#### [Assignment]
Every entry below should be printed exactly, without its images.

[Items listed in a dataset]
◇ ◇ ◇
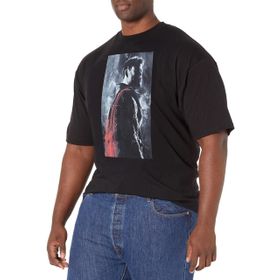 Marvel Big & Tall Thor Boyalı Üst Kısa Kollu Siyah Erkek T-shirt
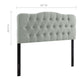 Annabel Diamond Tufted Upholstered Fabric Headboard
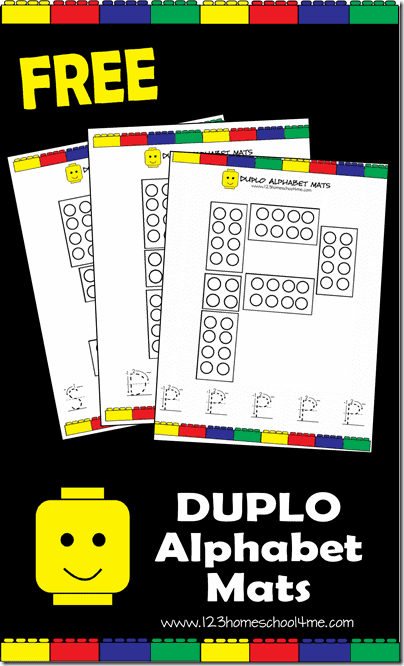 FREE Printable Learning Colors Lego BINGO Game for Kindergarten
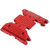 RC Car Gear Box Plate Black Anodized CNC Machining Aluminum Alloy Easy Replaceable RC Accessories for SCX6 for 1/6 Red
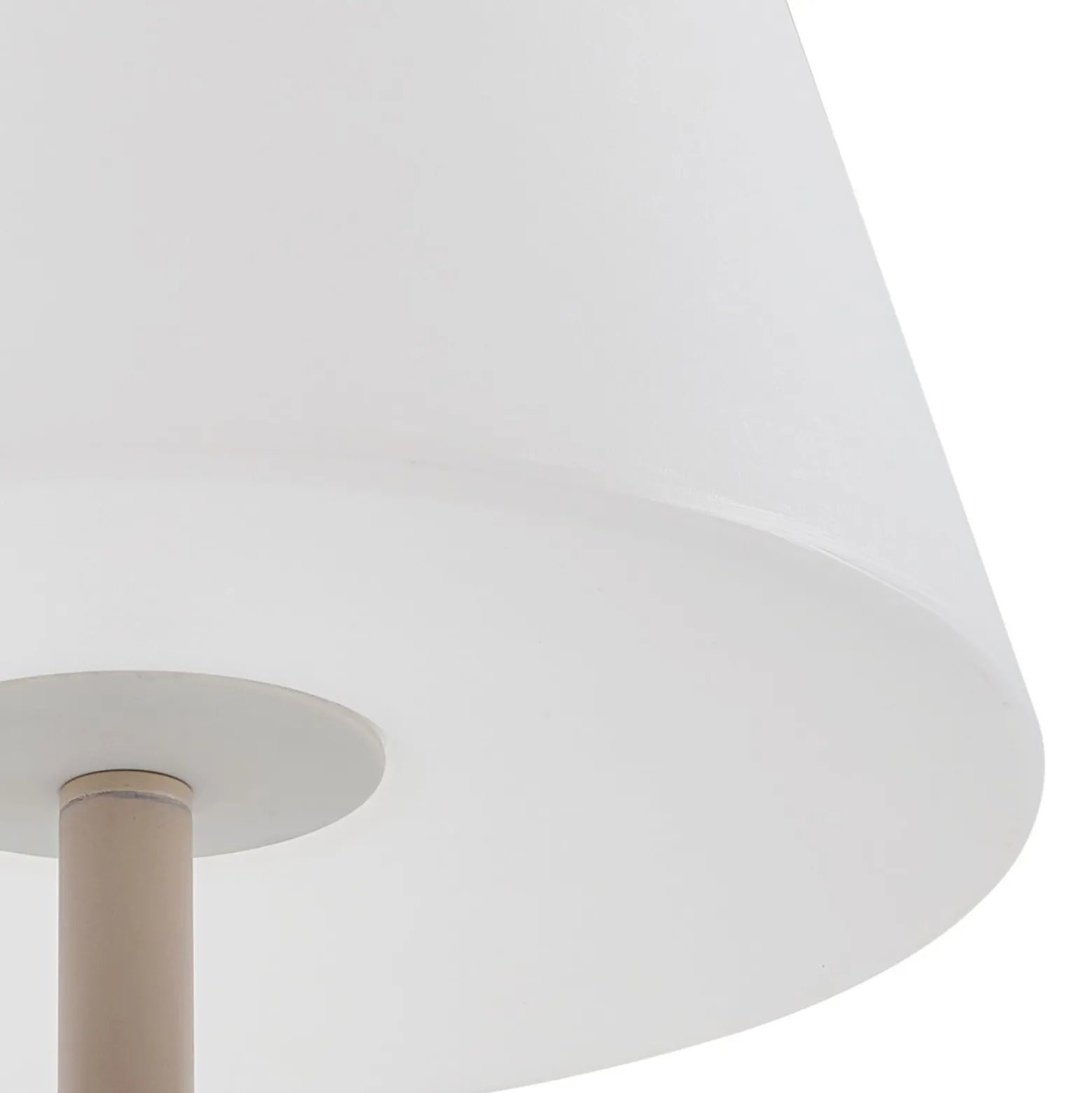 Lucande Jaimy -terassivalaisin, beige, metalli, 150 cm, E27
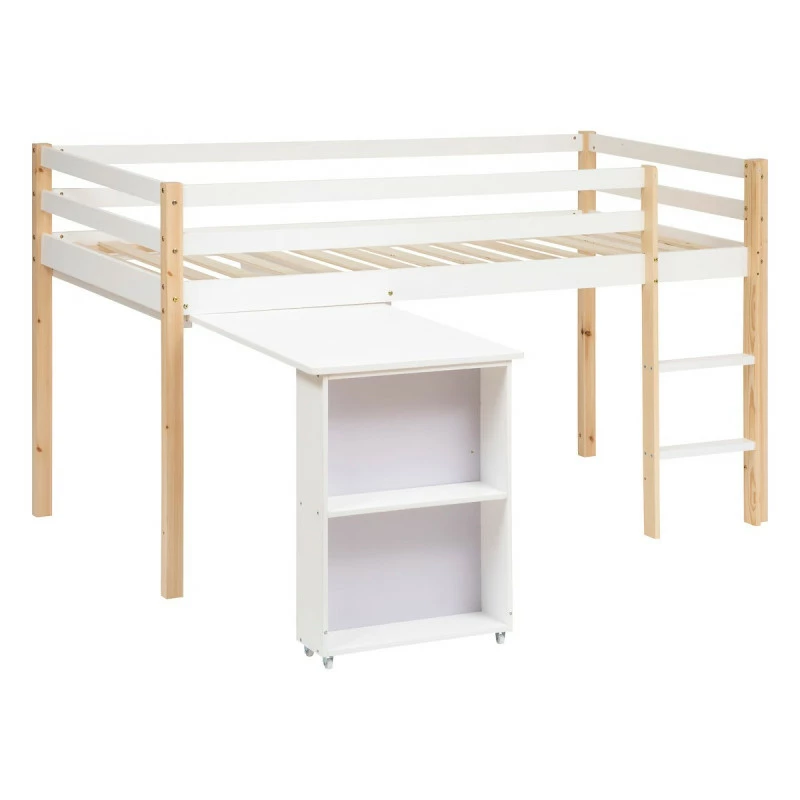 Lit Combi Bureau Enfant Pin Blanc Atmosphera 3 Lit Combi Bureau Enfant Pin Blanc Atmosphera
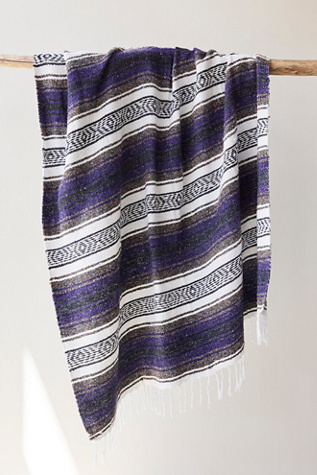 Hugger Mugger Mexican Yoga Blanket at Free People, Purple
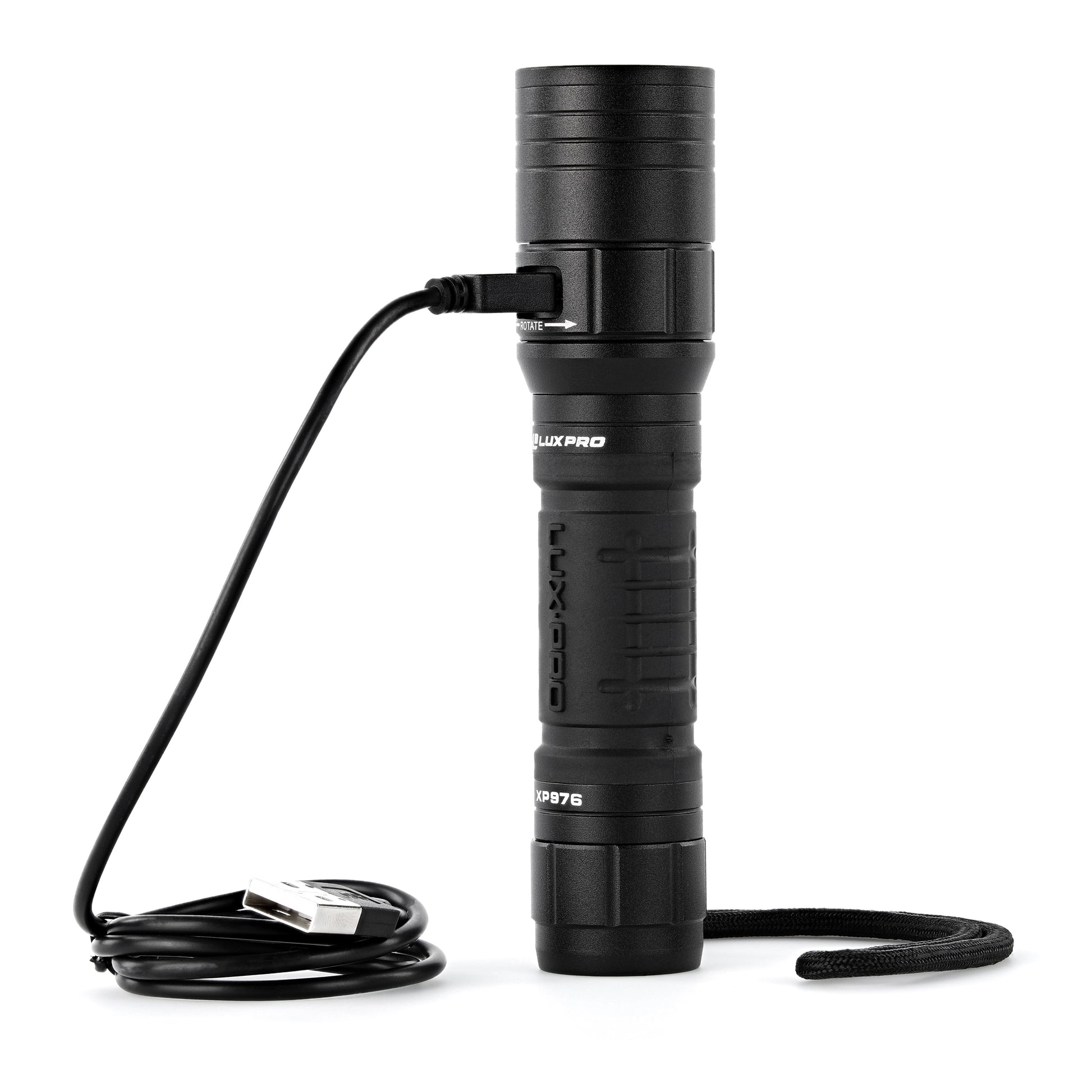 Lux-Pro 450-Lumen 4 -Adjustable Mode LED Rechargeable Flashlight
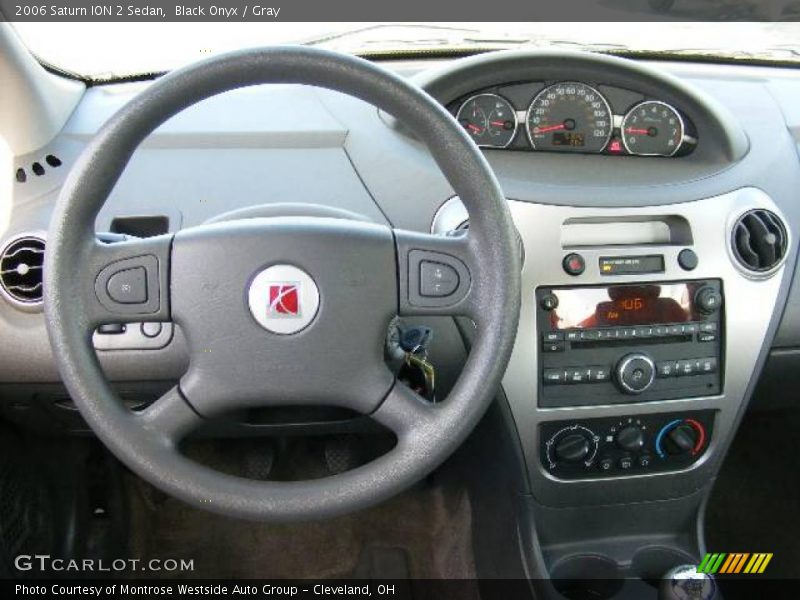 Black Onyx / Gray 2006 Saturn ION 2 Sedan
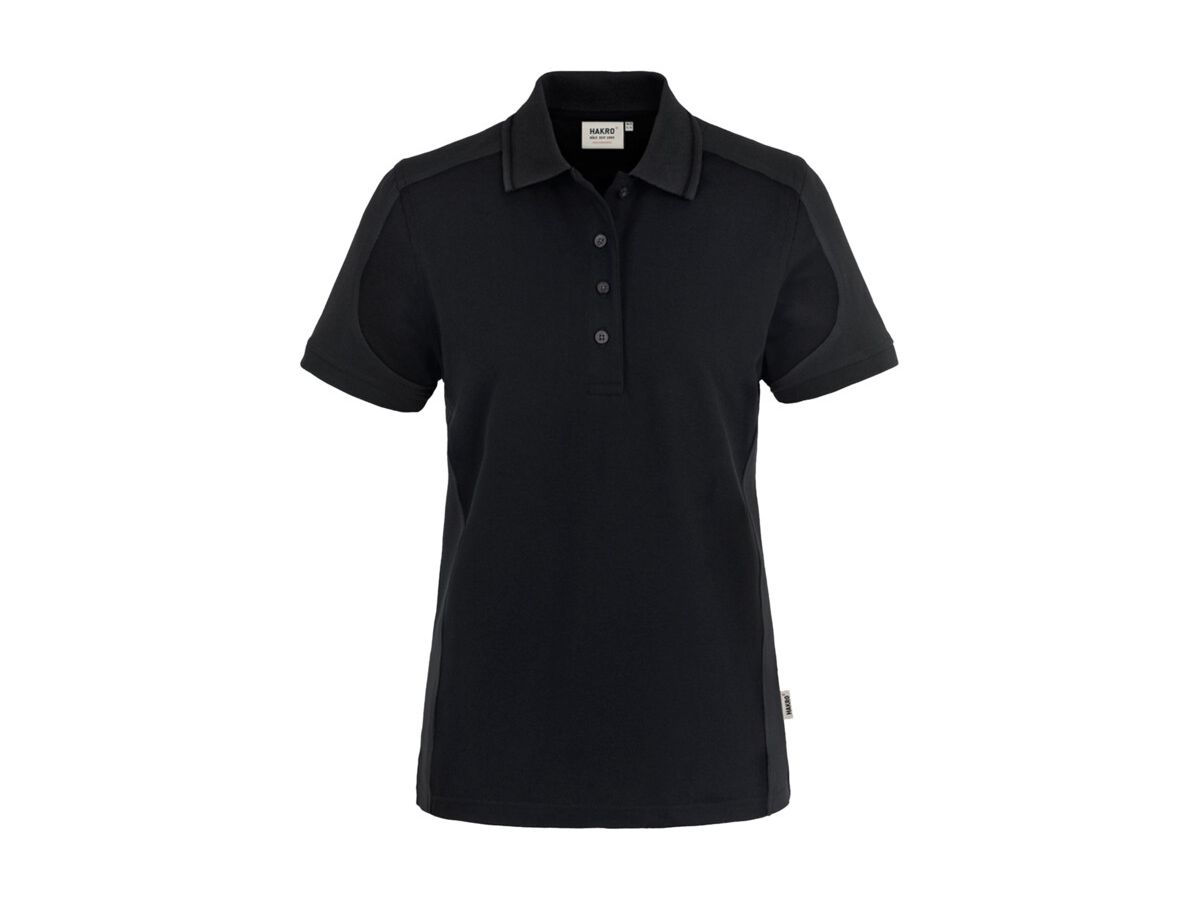 Damen-Poloshirt Contrast Performance - 50% Baumwolle, 50% Polyester, 200 g/m²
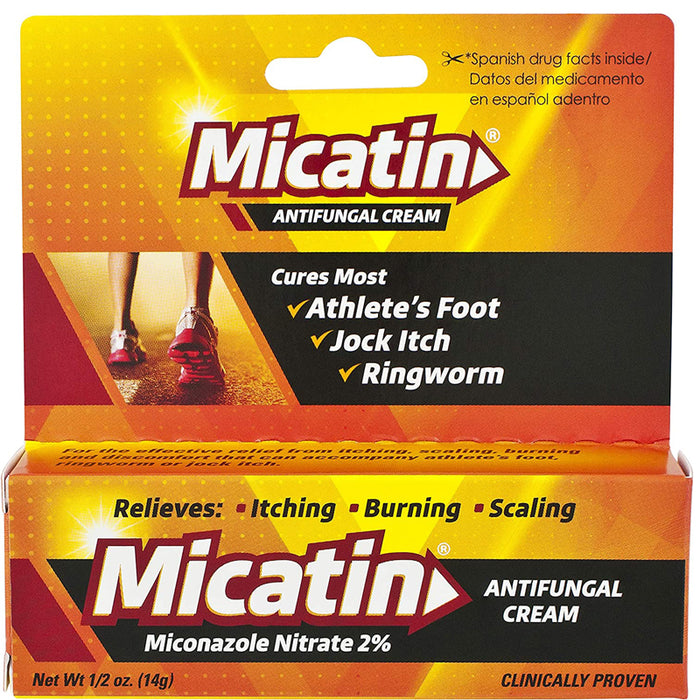 Micatin Antifungal Cream Jock Itch Athletes Foot Ringworm Miconazol Mountainside Medical Equipment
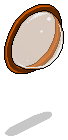 Orange Plasto Curved Porthole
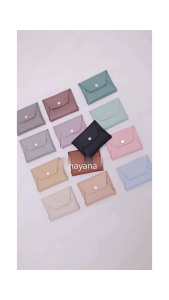 KYN Dompet Koin Leather Cardholder Card Wallet - Dompet Kartu Koin Kulit Wanita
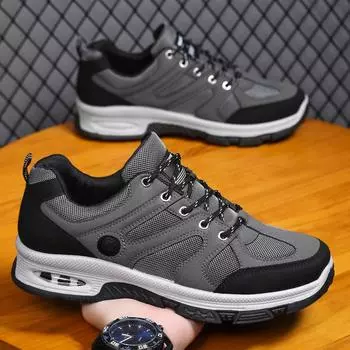 New mountaineering men s platform heightening shoes mesh breathable shoes trend versatile casual shoes foreign trade trendy shoes 39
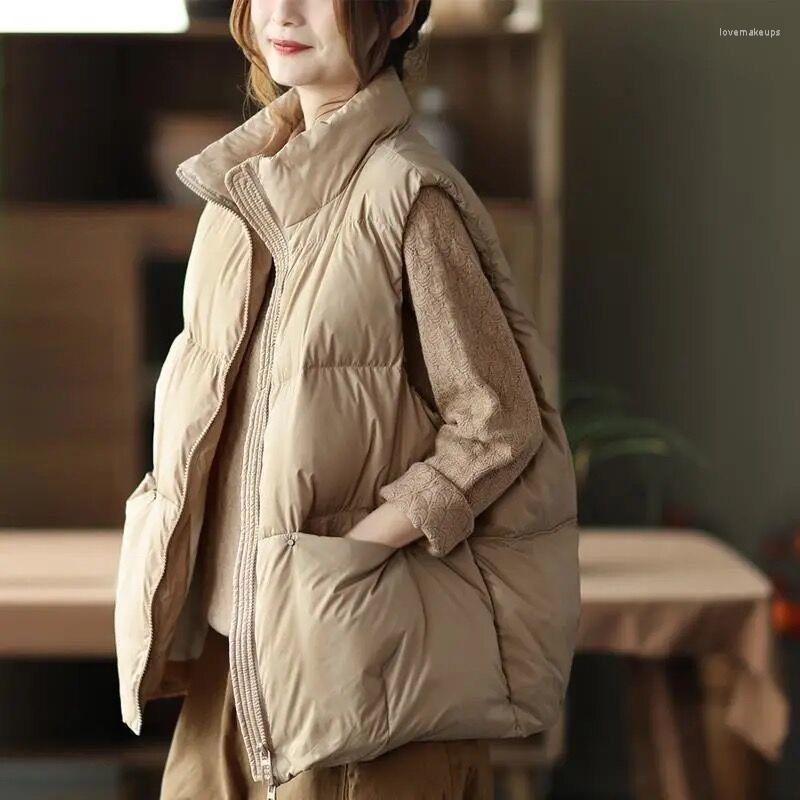 Women's Vests Women's Winter Cotton Warm Vest Coat All-match Jackets Thick Coats Loose Cardigan Casual Sleeveless Outwear Tops, Black
Women's Vests Women's Winter Cotton Warm Vest Coat All-match Jackets Thick Coats Loose Cardigan Casual Sleeveless Outwear Tops, Black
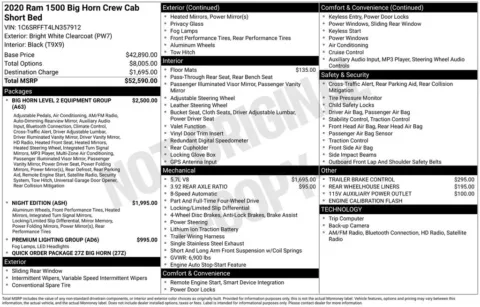 Photos of 2020 Ram 1500 Big Horn/Lone Star for sale in Newton, IA at Gregg Young Newton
◇ ◇ ◇
#### [Task answer]
 Marvel Big & Tall Thor Boyalı Üst Kısa Kollu Siyah Erkek T-shirt
 Annabel Diamond Tufted Upholstered Fabric Headboard
 FREE Printable Learning Colors Lego BINGO Game for Kindergarten
 RC Car Gear Box Plate Black Anodized CNC Machining Aluminum Alloy Easy Replaceable RC Accessories for SCX6 for 1/6 Red
 Lucande Jaimy -terassivalaisin, beige, metalli, 150 cm, E27
 Lit Combi Bureau Enfant Pin Blanc Atmosphera 3 Lit Combi Bureau Enfant Pin Blanc Atmosphera
 Hugger Mugger Mexican Yoga Blanket at Free People, Purple
 Lux-Pro 450-Lumen 4 -Adjustable Mode LED Rechargeable Flashlight
 Black Onyx / Gray 2006 Saturn ION 2 Sedan
 Damen-Poloshirt Contrast Performance - 50% Baumwolle, 50% Polyester, 200 g/m²
 Micatin Antifungal Cream Jock Itch Athletes Foot Ringworm Miconazol Mountainside Medical Equipment
 Orange Plasto Curved Porthole
 KYN Dompet Koin Leather Cardholder Card Wallet - Dompet Kartu Koin Kulit Wanita
 New mountaineering men s platform heightening shoes mesh breathable shoes trend versatile casual shoes foreign trade trendy shoes 39
 Women's Vests Women's Winter Cotton Warm Vest Coat All-match Jackets Thick Coats Loose Cardigan Casual Sleeveless Outwear Tops, Black
Women's Vests Women's Winter Cotton Warm Vest Coat All-match Jackets Thick Coats Loose Cardigan Casual Sleeveless Outwear Tops, Black
 Photos of 2020 Ram 1500 Big Horn/Lone Star for sale in Newton, IA at Gregg Young Newton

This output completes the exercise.